#### Extracted records:
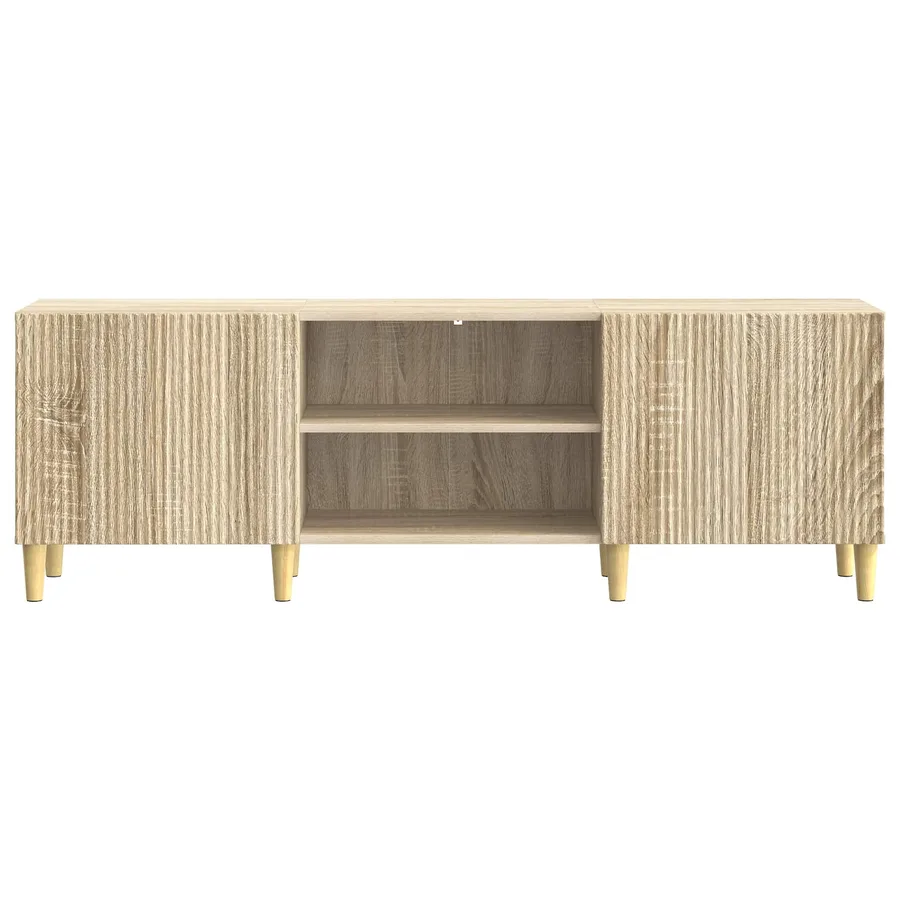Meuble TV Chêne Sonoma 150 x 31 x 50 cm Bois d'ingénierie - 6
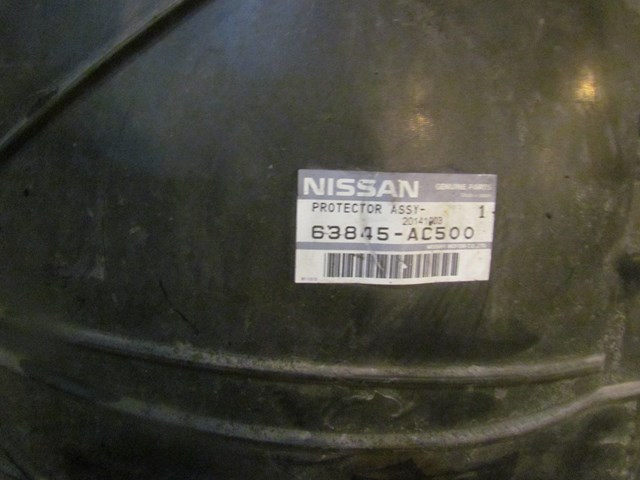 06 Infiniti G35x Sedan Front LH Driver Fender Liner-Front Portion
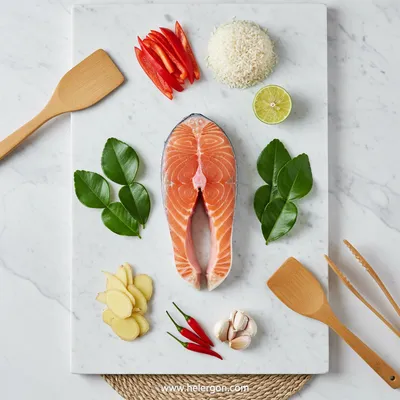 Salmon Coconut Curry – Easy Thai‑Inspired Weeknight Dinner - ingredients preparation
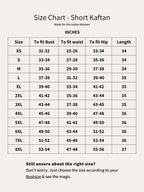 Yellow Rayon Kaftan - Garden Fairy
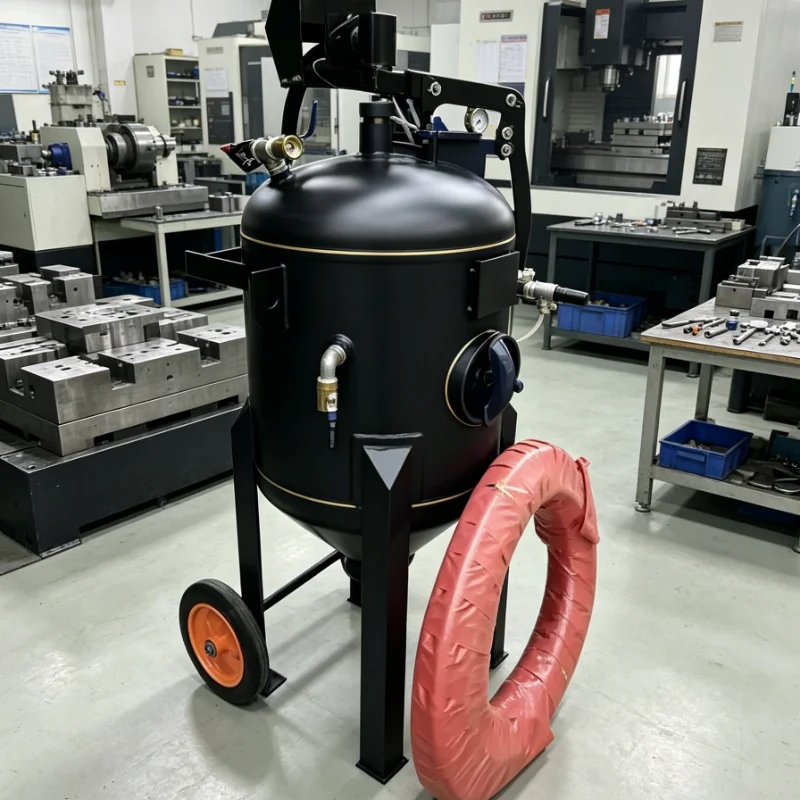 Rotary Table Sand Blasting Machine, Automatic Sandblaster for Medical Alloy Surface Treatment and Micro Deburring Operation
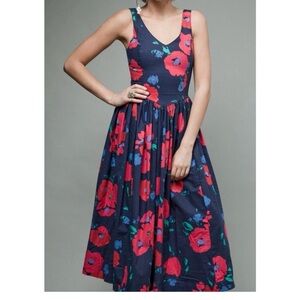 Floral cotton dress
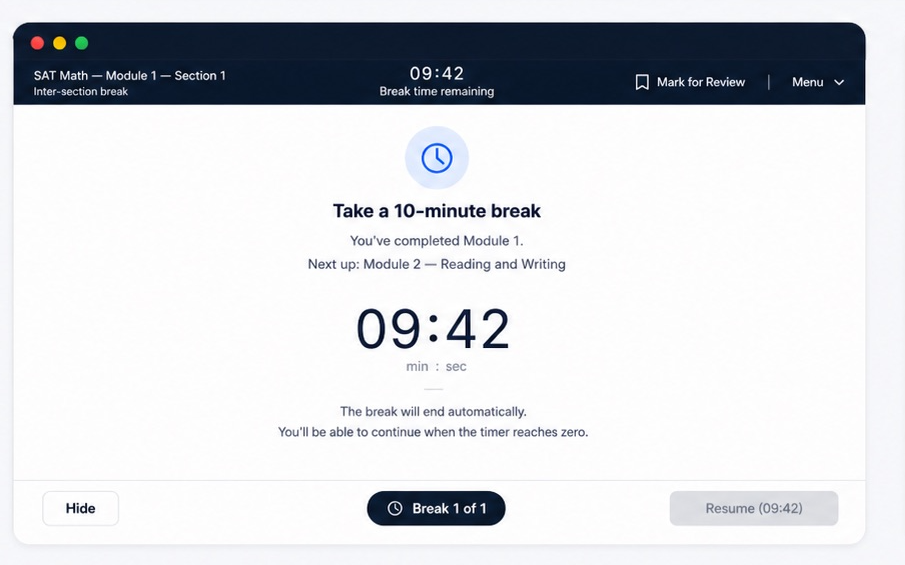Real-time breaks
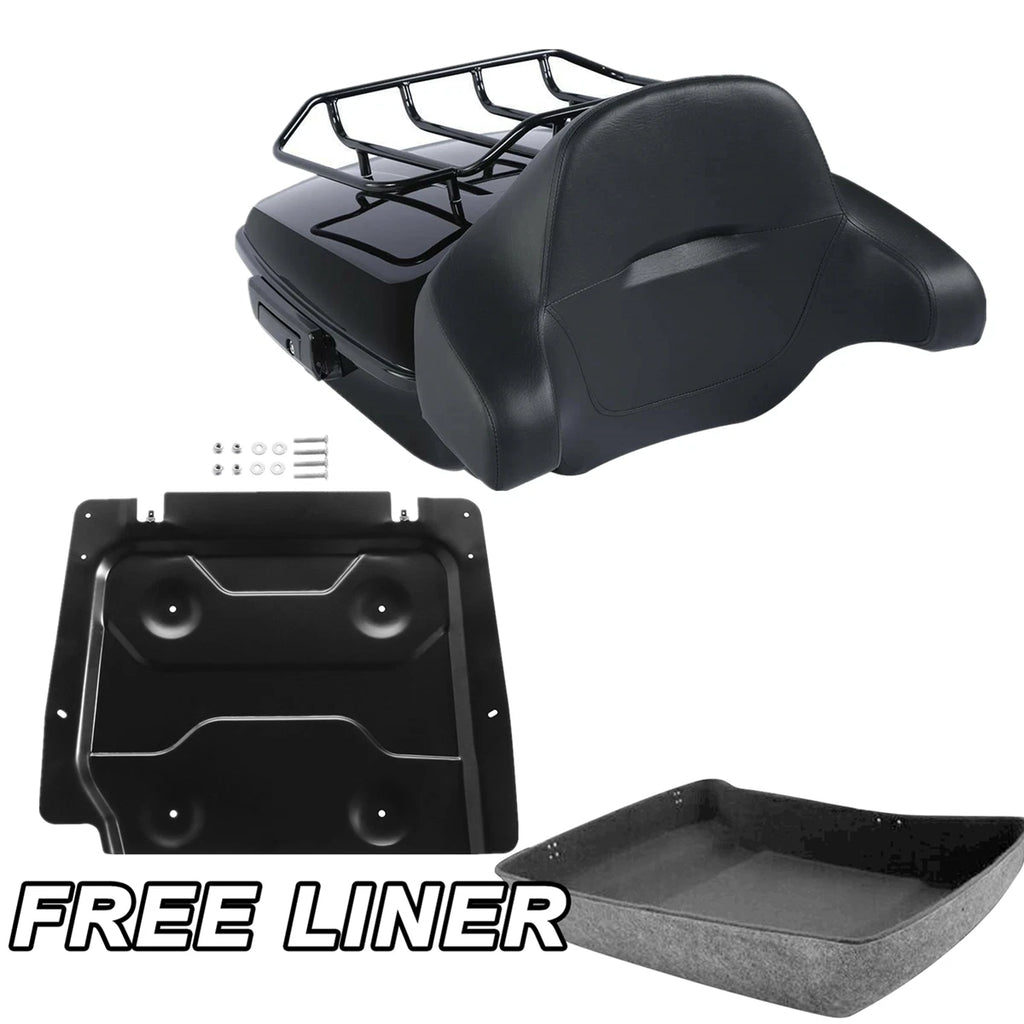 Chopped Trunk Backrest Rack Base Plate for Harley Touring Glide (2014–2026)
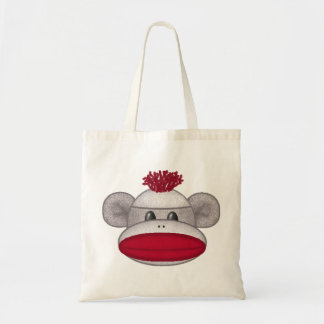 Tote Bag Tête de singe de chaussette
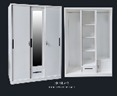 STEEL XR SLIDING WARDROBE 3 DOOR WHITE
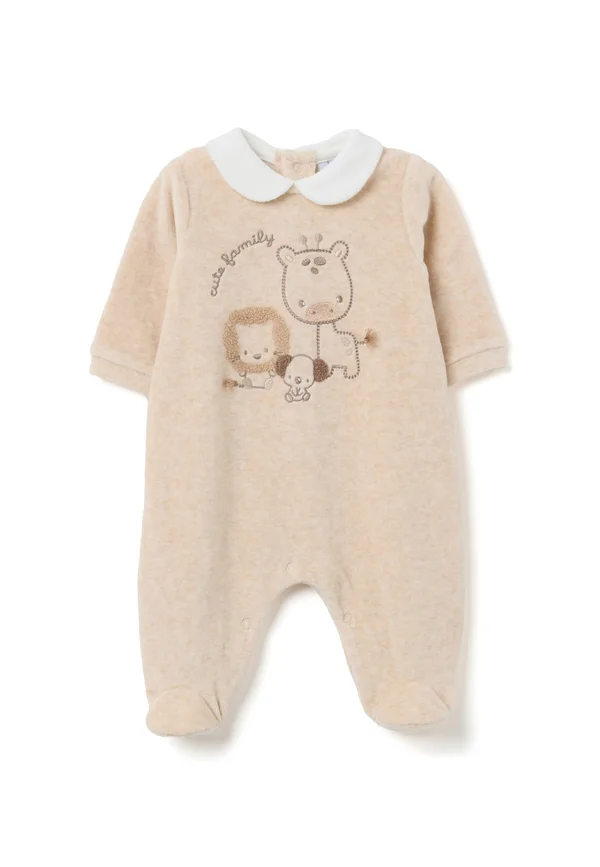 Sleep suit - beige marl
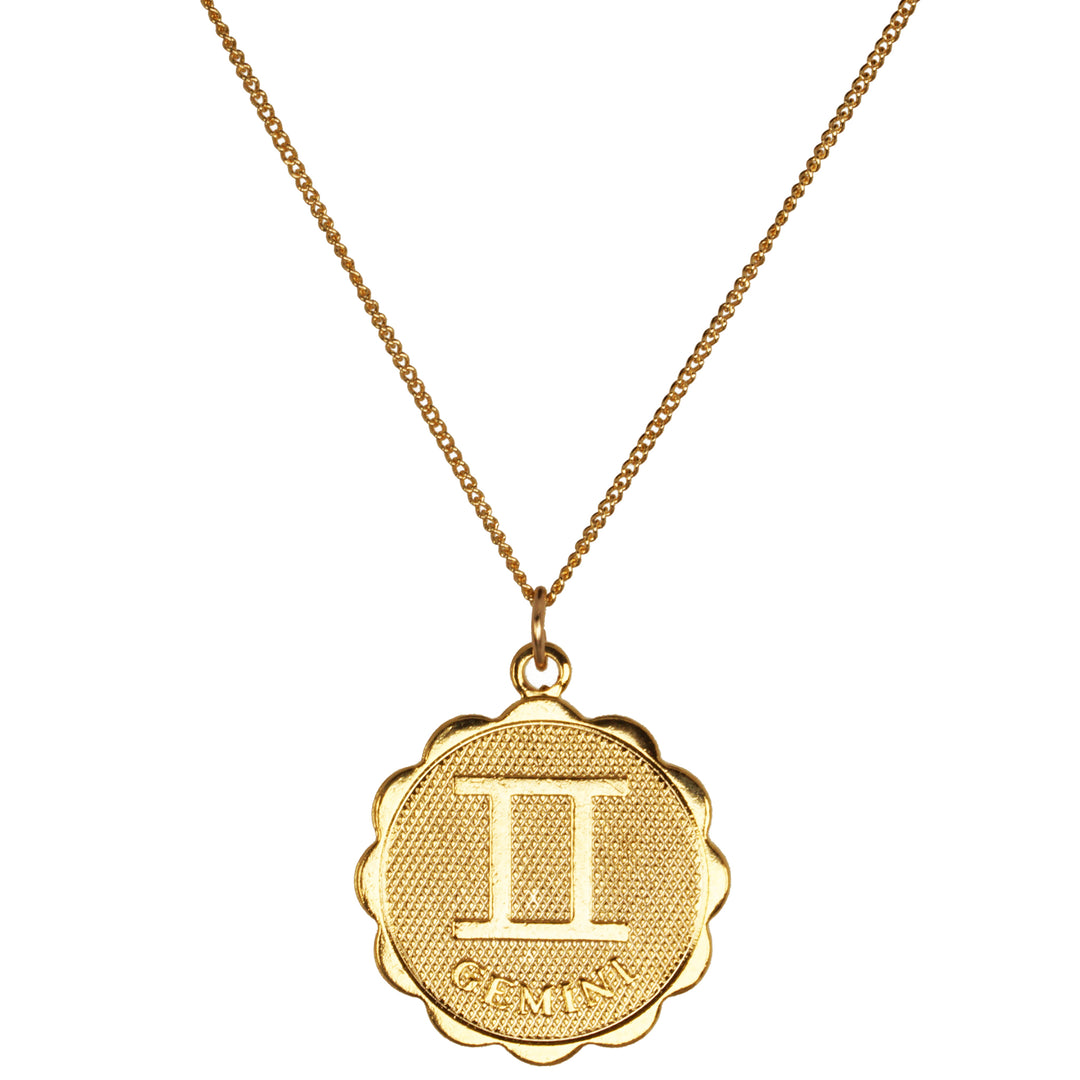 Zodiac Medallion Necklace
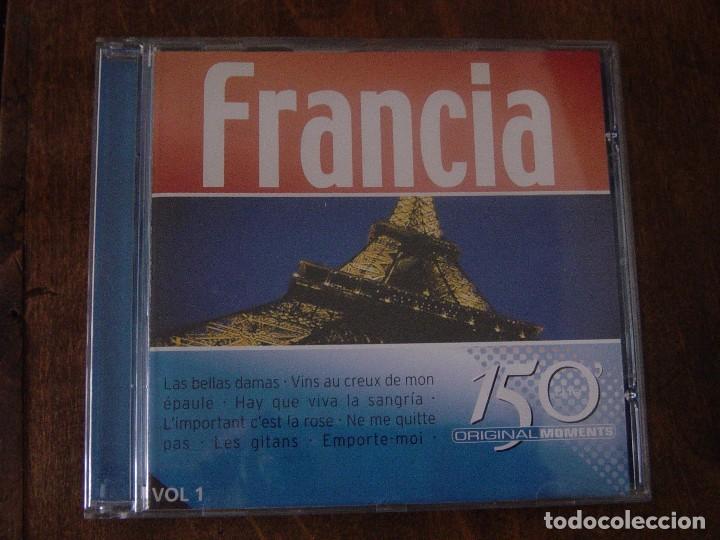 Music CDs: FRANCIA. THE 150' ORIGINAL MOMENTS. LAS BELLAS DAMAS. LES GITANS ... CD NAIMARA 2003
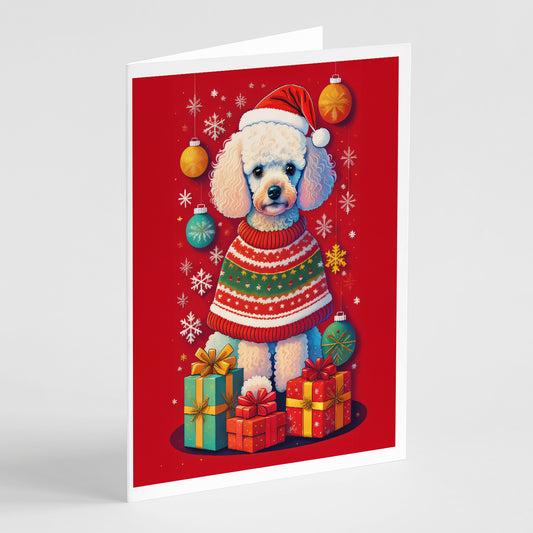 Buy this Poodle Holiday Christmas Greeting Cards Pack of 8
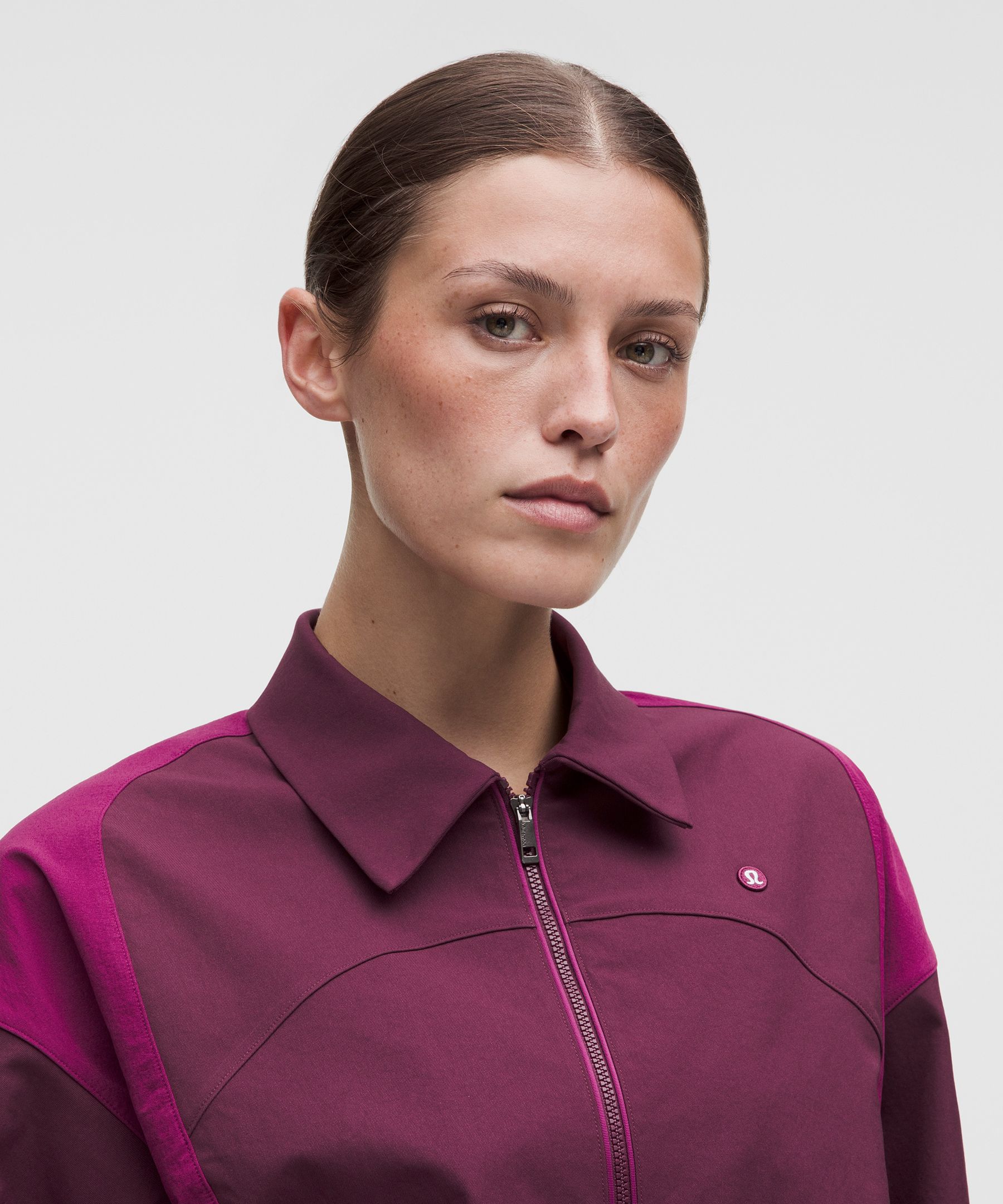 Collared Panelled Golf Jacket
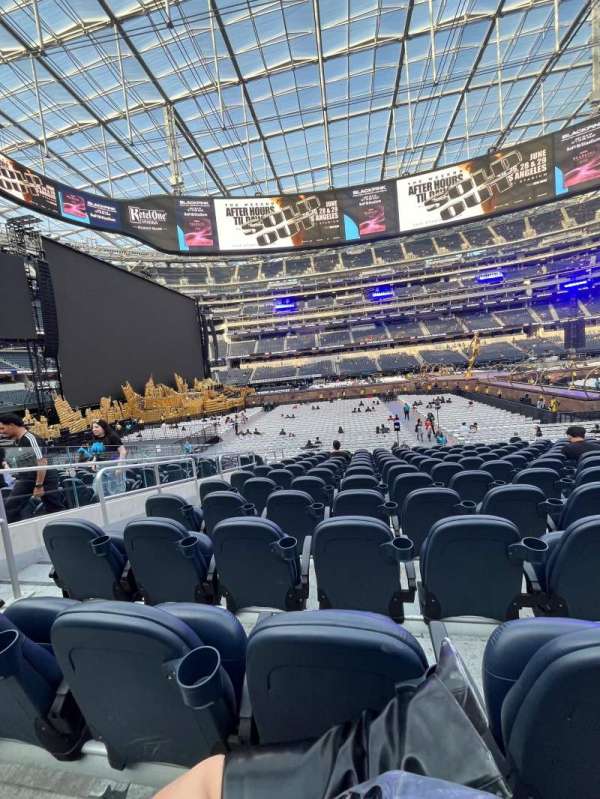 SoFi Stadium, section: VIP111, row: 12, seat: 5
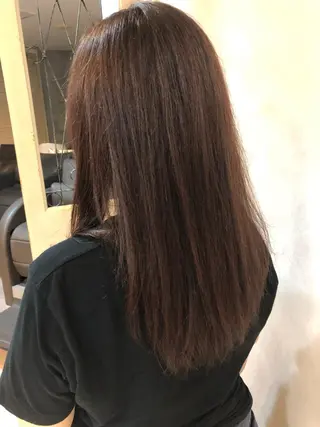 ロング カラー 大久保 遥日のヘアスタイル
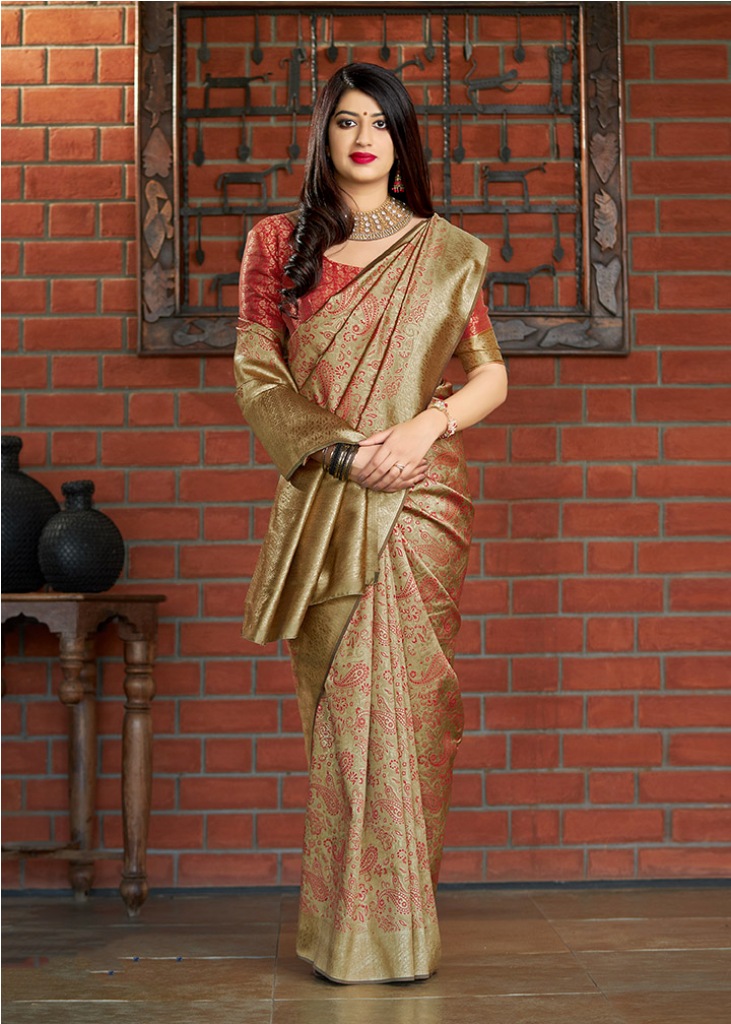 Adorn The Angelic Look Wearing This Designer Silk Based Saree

#### AIM OF THE TASK:
Begin at the line containing "Zodiac Medallion Necklace" and stop at the last line of the data. Repeat only those lines, exactly, and leave out the pictures.

#### PROBLEM SOLUTION:
 Zodiac Medallion Necklace
 Music CDs: FRANCIA. THE 150' ORIGINAL MOMENTS. LAS BELLAS DAMAS. LES GITANS ... CD NAIMARA 2003
 Buy this Poodle Holiday Christmas Greeting Cards Pack of 8
 Collared Panelled Golf Jacket
 SoFi Stadium, section: VIP111, row: 12, seat: 5
 ロング カラー 大久保 遥日のヘアスタイル
 Adorn The Angelic Look Wearing This Designer Silk Based Saree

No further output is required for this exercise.